Chef Pri’s gustatory adventures meet at the intersection of Thai specialty dishes, American comfort food, and international influence. Tables play host to artfully wrapped Japanese sushi and curries accented by pineapple and butternut squash. Chicken or shrimp cozy up to stir-fried noodles, and for heartier food, Chef Pri piles pot-roasted duck infused with cinnamon atop a sautéed spinach and garlic chili sauce.
The restaurant’s dining room exemplifies the same modernity found in the menu, with coal-black ceilings and geometric artwork against mustard-hued walls. Burnt yellow lights hang like glowing champagne glasses above Jasmine’s fully stocked bar, where diners can retreat for a cocktail or wine by the glass.

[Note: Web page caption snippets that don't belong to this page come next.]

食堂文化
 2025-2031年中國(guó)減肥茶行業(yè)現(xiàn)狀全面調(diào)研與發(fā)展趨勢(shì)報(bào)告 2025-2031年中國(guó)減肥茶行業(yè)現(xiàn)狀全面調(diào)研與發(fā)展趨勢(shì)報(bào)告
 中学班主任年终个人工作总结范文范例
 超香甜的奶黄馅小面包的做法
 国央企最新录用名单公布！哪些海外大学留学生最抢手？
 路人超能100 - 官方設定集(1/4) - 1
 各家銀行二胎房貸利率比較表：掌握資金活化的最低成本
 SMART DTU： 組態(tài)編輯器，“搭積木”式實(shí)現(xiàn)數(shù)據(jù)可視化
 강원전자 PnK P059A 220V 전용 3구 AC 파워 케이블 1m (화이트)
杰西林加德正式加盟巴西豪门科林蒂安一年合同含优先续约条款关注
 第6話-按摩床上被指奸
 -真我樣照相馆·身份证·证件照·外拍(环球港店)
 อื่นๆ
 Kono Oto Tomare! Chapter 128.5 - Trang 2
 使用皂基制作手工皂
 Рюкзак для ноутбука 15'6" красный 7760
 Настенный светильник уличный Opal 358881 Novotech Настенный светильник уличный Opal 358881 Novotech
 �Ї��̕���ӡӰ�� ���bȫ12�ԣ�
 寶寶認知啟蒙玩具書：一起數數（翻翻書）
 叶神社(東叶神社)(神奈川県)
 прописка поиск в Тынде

Soft, colored light beams out from beneath the elegant sushi bar at Mandarin Moon, where skilled sushi chefs prepare traditional and specialty rolls. Lobster tail, spicy tuna, and salmon inhabit the gleaming glass case alongside more unexpected ingredients, such as duck and grilled steak. Between mouthfuls of sushi and sashimi, diners at the dark-wood tables and chairs can feast on classic Thai dishes, Chinese food favorites, or the envy of guests who didn't order the crab rangoon.
If the building's exterior looks as if a pagoda landed atop a house, that might be a good clue that delicious Japanese cuisine is served inside. The fresh sushi rolled inside Fuji San earned it two Nappie Awards in 2011 from the readers of Lagniappe magazine for Most Underrated Restaurant and Best Sushi. Fuji San also won for Best Sushi in 2012 and 2013. Besides the artful rolls, the kitchen crafts Japanese dishes including teriyaki and tempura combination dinners and shabu-shabu hot pot entrees. It also recently introduced a Thai menu full of classic eats, including pad thai and red and green curries.
Seated at Rice Asian Grill & Sushi Bar's teal booths, diners dig into plates of Japanese, Thai, and Vietnamese cuisine. Specialties range from artistically plated sushi to entrees such as sizzling basil stir-fries, creamy curries, and flavorful, crisp-skinned Thai barbecue chicken.